Quilt artist will discuss art’s role in social change

Contemporary African-American artist LaShawnda Crowe Storm will speakĀ  on "Art as a Vehicle for
Dialogue and Social Change" at 6 p.m. Friday, in 204 Fine Arts Center at Bowling Green State
University.
Crowe Storm is the creator of The Lynch Quilts Project, a community-based initiative that explores the
history and ramifications of the racial violence, particularly lynching, in the United States through
the textile tradition of quilting. The project itself consists of six quilts that explore the phenomenon
of lynching through the perspective of gender, collective memory, communal conflict, politics and
healing.
Quilt I of the Lynch Quilts Project, "Her Name Was Laura Nelson," will be on displayed in the
lobby of the Dorothy Uber Bryan Gallery through March 5.

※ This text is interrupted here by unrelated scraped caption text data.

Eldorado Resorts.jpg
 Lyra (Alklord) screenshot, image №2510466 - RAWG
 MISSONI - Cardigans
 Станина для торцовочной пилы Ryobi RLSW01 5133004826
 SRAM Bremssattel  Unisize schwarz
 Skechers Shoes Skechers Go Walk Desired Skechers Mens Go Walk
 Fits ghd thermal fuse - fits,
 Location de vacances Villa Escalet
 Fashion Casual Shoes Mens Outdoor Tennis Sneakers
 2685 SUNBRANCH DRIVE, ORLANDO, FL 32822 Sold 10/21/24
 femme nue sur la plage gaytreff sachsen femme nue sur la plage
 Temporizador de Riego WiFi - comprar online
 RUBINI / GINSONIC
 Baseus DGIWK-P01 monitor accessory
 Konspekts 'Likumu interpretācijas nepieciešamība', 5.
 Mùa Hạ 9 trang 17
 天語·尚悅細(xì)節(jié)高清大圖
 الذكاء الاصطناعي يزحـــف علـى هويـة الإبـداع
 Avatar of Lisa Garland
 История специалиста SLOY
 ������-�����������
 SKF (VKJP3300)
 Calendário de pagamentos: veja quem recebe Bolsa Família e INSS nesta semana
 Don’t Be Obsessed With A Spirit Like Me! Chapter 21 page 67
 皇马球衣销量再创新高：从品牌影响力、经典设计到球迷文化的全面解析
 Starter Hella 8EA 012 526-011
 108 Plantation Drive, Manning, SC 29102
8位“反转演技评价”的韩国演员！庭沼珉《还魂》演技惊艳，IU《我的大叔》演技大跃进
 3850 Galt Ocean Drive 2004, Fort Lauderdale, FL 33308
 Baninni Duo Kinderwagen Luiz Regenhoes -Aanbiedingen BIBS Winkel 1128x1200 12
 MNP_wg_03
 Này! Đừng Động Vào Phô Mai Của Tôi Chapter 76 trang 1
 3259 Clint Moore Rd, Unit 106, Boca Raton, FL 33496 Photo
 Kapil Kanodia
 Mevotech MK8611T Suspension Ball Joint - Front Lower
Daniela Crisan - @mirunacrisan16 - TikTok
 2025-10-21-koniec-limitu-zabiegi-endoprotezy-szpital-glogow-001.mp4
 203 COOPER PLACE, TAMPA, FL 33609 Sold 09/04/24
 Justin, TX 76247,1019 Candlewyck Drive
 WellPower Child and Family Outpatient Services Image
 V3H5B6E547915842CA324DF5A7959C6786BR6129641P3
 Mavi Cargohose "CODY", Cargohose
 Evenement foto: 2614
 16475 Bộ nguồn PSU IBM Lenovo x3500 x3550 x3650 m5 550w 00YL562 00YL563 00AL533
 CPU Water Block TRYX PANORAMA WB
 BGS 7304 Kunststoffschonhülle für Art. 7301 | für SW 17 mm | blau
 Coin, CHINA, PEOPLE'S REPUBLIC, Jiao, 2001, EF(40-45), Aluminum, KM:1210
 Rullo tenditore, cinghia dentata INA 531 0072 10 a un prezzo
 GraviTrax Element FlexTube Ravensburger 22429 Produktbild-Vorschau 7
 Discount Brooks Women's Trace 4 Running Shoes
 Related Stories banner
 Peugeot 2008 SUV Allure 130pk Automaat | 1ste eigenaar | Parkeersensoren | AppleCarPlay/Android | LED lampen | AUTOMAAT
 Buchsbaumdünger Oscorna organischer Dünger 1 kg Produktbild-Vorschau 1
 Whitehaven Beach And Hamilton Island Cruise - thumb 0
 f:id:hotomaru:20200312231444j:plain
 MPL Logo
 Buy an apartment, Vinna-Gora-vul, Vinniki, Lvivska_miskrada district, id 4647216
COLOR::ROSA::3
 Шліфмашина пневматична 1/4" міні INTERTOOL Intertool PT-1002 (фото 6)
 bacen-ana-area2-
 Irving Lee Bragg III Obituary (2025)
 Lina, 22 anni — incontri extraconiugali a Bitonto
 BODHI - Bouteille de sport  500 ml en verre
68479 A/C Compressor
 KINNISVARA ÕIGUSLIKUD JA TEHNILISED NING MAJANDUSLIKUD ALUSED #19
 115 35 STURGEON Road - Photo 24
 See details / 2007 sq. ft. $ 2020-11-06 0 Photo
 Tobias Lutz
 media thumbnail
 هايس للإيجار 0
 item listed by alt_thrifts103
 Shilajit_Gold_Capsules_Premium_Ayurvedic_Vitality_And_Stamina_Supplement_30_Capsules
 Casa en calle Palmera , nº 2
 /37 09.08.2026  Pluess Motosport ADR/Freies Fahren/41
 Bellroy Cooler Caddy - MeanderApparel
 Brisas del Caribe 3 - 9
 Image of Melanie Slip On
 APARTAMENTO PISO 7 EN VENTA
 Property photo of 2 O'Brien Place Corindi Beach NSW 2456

This quilt is the focus of BGSU second-year art history graduate student Viola Ratcliffe, who is writing
her thesis on the quilt and the role of witnessing in community formation. Ratcliffe will introduce the
speaker.
In addition to the ArtTalk, Crowe Storm will serve as a guest juror for the BGSU Spring 2015 BFA Thesis
Exhibition and meet with high school students from Maumee Valley Day School in Toledo, where she will be
featured as their Black History Month speaker.